La perte des Français était insignifiante ; mais les Iroquois avaient à déplorer la mort de plusieurs guerriers vaillants dont les corps malgré toutes les précautions du marquis de Denonville et de ses officiers furent enlevés pendant la nuit pour servir, suivant la coutume, aux horribles festins des Abénaquis cannibales.

Le lendemain du combat, les Français s’emparèrent des greniers des Tsonnonthouans, où ils trouvèrent quatre cent mille boisseaux de maïs. Pendant dix jours, ils ravagèrent le pays, détruisant les moissons sur pied et massacrant les bestiaux, sans voir apparaître un seul Iroquois. Toute la population du canton de Tsonnonthouan, effrayée du résultat de la bataille, s’enfuit au loin ; quelques-uns de ces sauvages gagnèrent même la Virginie.

Les Iroquois, comme nation, étaient complètement démoralisés et il eût été facile de les vaincre en détail. Mais le marquis de Denonville se contenta de prendre possession du pays au nom du roi de France, et, contrairement à l’attente de ses officiers, il ordonna aux troupes de se préparer à retourner dans leurs quartiers.

L’armée française était revenue à la Rivière aux Sables, et, au coucher du soleil, tous les préparatifs étaient faits pour traverser le lac Ontario le lendemain.

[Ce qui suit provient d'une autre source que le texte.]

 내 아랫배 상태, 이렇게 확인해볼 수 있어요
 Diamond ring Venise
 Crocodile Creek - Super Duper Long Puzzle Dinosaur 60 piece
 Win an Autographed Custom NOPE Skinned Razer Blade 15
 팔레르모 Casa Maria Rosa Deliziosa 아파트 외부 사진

Les officiers venaient de placer les sentinelles, quand un coup de mousquet, tiré tout près de là, mit tout le monde sur pied. Quelques minutes d’anxiété furent suivies d’un moment de curiosité pénible quand on vit revenir le Serpent et une partie de sa bande escortant deux prisonniers et s’avançant vers le quartier-général du marquis. L’un des prisonniers était un blanc ; il portait dans ses bras une femme dont la tête était penchée sur son épaule. De près, l’on pouvait voir le sang s’échapper de sa bouche ; elle semblait évanouie ou mourante. Cette femme était Isanta, et celui qui la portait, le lieut. de Belmont.


Mais se ravisant, il tira sur la jeune fille qui reçut une partie de la charge en pleine poitrine.